When critics complain about the inefficiencies of federal spending, consider this: According to the NSAC, the RFBCs delivered tangible value to small farmers, with centers developing grant programs in consultation with local producers rather than imposing one-size-fits-all models. This grassroots approach is both more responsive and more just—a model conservatives often claim to champion, until federal action makes that empowerment possible.
“We’re talking about thousands of businesses and communities now left without resources or direction. Washington’s budget priorities shouldn’t be balanced on the backs of rural families.”

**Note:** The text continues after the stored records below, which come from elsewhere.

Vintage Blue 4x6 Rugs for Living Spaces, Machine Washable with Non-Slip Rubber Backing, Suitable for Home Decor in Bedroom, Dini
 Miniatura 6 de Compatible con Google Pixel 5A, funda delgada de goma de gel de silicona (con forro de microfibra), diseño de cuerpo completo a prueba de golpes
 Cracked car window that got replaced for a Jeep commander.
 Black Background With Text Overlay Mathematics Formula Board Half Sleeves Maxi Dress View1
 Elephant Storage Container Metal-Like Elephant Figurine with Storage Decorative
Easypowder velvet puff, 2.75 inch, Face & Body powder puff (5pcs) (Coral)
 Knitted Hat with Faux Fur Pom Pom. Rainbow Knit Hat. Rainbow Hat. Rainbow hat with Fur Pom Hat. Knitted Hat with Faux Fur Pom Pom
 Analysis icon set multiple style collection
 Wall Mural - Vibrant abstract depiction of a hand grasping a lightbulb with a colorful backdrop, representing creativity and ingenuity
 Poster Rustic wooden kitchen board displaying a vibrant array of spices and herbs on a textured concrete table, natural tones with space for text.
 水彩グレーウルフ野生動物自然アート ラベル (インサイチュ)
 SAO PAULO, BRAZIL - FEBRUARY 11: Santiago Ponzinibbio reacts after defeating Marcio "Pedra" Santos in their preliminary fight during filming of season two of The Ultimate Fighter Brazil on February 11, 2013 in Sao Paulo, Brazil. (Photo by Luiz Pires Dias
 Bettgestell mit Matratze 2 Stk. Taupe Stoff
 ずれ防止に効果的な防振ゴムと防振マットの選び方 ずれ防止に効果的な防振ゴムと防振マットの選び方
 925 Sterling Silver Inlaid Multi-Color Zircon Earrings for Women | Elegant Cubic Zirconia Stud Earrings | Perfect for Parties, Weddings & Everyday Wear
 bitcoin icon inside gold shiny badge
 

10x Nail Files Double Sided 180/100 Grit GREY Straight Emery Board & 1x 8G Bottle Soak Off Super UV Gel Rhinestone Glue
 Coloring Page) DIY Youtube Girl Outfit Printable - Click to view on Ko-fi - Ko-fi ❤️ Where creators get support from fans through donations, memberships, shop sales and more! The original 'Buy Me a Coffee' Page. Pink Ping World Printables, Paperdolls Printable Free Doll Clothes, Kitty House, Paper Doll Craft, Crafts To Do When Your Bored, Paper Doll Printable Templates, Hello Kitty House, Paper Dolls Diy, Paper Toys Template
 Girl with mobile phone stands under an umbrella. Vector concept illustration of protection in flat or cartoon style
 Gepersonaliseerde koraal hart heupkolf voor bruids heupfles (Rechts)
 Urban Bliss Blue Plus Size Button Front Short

Data from the USDA found that in just the first year, more than 5,500 businesses accessed training or technical assistance through these centers—a proven track record for an initiative barely past its infancy.
Policy Decisions, Political Calculations, and Rural Futures
The Trump administration—backed by a conservative coalition obsessed with slashing the federal government—has couched the RFBC’s closure in the language of fiscal responsibility and program sustainability. As with so many policy debates, the framing of “temporary funding” sidesteps a central question: what should be permanent in a nation that claims to value rural vitality and food security?
This isn’t a new story. Think back to the Reagan-era axing of rural development block grants or the 1990s era welfare reform: both framed as saving taxpayer dollars, both sending rural and marginalized communities scrambling to fill the gap with fewer resources. The predictable result is a slow erosion of local capacity, replaced by stagnation and, often, further entrenchment of large industrial agribusiness.
Harvard economist Jane Smith notes, “Small and mid-sized farms are the backbone of resilient food supply. Dismantling programs that help them innovate and compete doesn’t shrink government so much as it shrinks rural opportunity.” Conservative policymakers like to talk about self-reliance, yet the very ecosystems that nurture that self-reliance wind up underfunded and unsupported, their existences at the mercy of shifting political winds.
Such decisions don’t just affect the farms themselves, but consumers seeking diverse, local produce, the health of small towns, and the long-term readiness of our food systems facing climate and market shocks. It’s no accident that the RFBCs were designed to empower Tribal, remote, and historically underserved areas—precisely those communities who typically receive the least attention from Washington’s power brokers.
The larger question now: Will Congress or the next administration stand up for programs that foster shared prosperity and strengthen regional supply chains, or will headline-grabbing cuts win out? As climate disruptions and supply chain crises intensify, the answer could determine not just what’s for dinner—but what kind of country we become.